◆ ASSIGNMENT ◆
Your output should be the lines from the one containing "Vincenzo Cucina and Lounge" through the last line below, both ends included, exactly as written and free of pictures.

Source records
------------------------------------
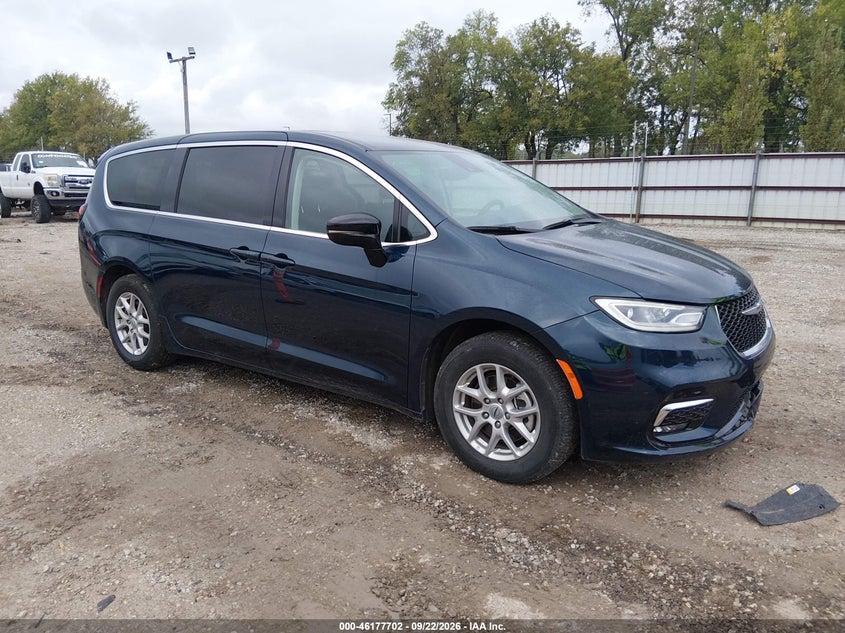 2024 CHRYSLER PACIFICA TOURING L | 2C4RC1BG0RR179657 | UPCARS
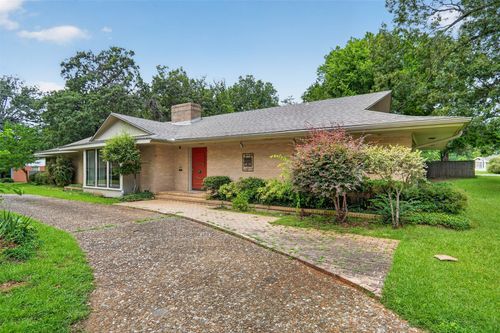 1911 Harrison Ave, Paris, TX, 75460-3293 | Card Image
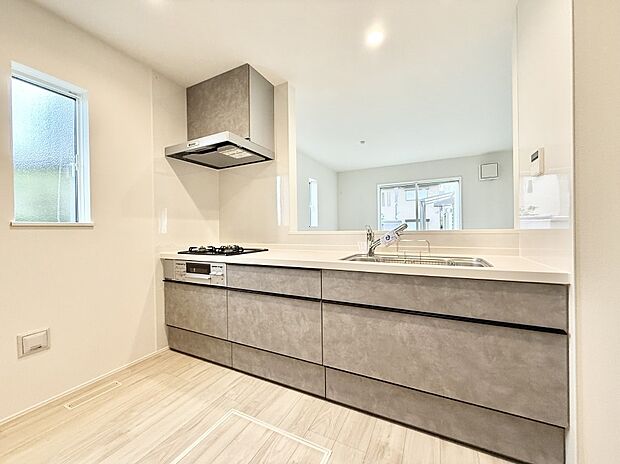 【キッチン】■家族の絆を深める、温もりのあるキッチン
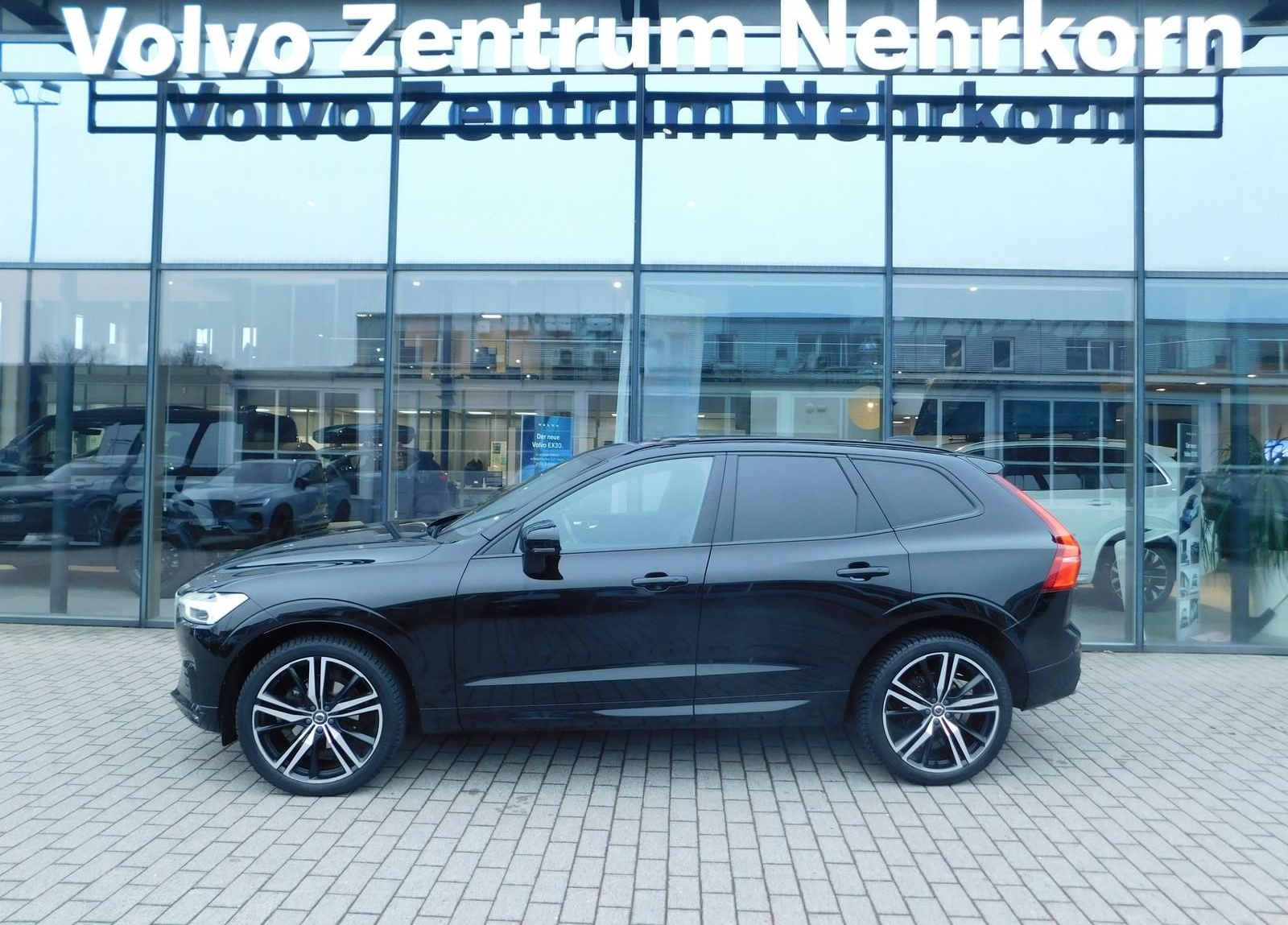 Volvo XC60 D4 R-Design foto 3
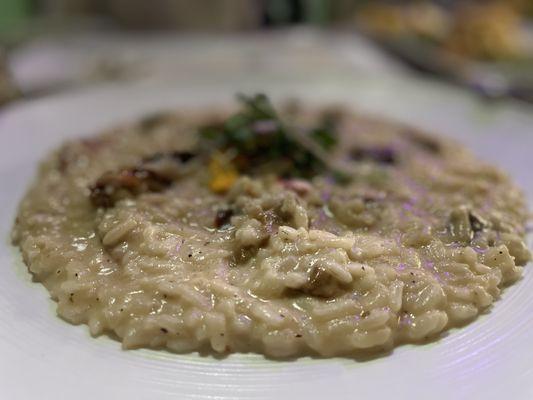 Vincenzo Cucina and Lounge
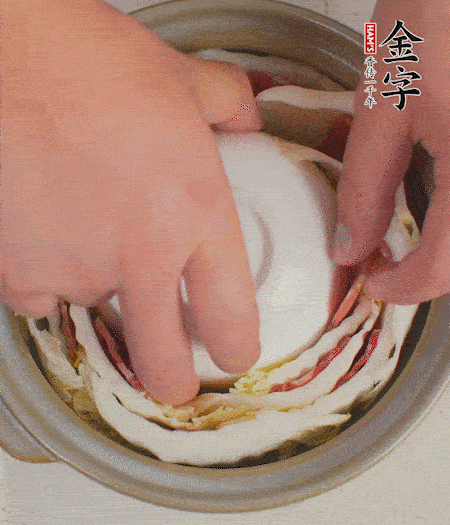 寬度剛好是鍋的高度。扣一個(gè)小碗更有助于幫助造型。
------------------------------------
◆ REPLY ◆
 Vincenzo Cucina and Lounge
 寬度剛好是鍋的高度。扣一個(gè)小碗更有助于幫助造型。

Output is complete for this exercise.